After over a quarter of a century of experience working as a statistical consultant in a wide array of settings, it’s safe to say that a large proportion of the statistics presentations cover topics I have been over before. Still, even if it is a technique I’ve used many times, I almost always come across some bit of information I didn’t know.

For example, every graduate student learns that when you have repeated continuous measures, like a test score, you use repeated measures ANOVA. You can do PROC GLM or PROC MIXED.

When you have a categorical dependent variable, you use logistic regression.

Well, what if you have a repeated measure on a categorical variable? I haven’t done that kind of design. If I’m doing an outcome study it’s usually with something like mortality or graduation as the dependent variable and we do a one-time analysis. In the events that subjects are measured repeated times for something like health or education studies, I’d do a survival analysis looking at how long the person lived or stayed in school.

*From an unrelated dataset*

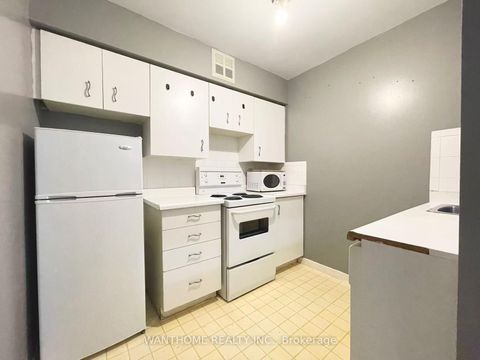 Photo 9 at 1404 - 44 St Joseph Street, Bay Street Corridor, Toronto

Logistic regression assumes you have independent observations, but that is not always the case. Certainly if you have measured the same person multiple times, the observations are likely to be correlated.

Correlated measures aren’t only on one person over multiple time points. It could be that you are measuring several people in the same family to see if they have a certain illness.

Although this hasn’t come up yet (and it kind of surprises me, now that I think about it), if it DOES, I can use PROC GENMOD to do a logistic regression with correlated data, as I learned in this presentation by Dachao Liu.

I mentioned this to a couple of people who were surprised I did not know this already, but honestly, it had just never come up.

I guess if you had asked me if JMP did non-linear models I would have said, “I assume so” but I wouldn’t know for sure. Now I know for sure. I had kind of forgotten that JMP does some pretty complex models. If you’d asked me if you could save your prediction formula in JMP, I would say, “I assume so,” but again, I wouldn’t have known for sure. As you can see, I don’t use JMP all that much, but it is good to know since I have the occasional client using it.

You can learn everything you want to know about non-linear models with JMP from Don McCormack’s paper

Even though I won’t be using JMP for this next project, the presentation by McCormack got me to thinking about saving equations and gave me some really good ideas about running the analyses nightly against the larger database to create the equation and then applying it on the fly when users access our application.

So, in short, at SAS Global Forum, I learned some things I didn’t know, was confirmed on some things I was pretty sure I knew and remembered to use some things I already knew.

Was it worth spending four days in Orlando?

Since after thirty years I am still learning, yes. Yes, it was.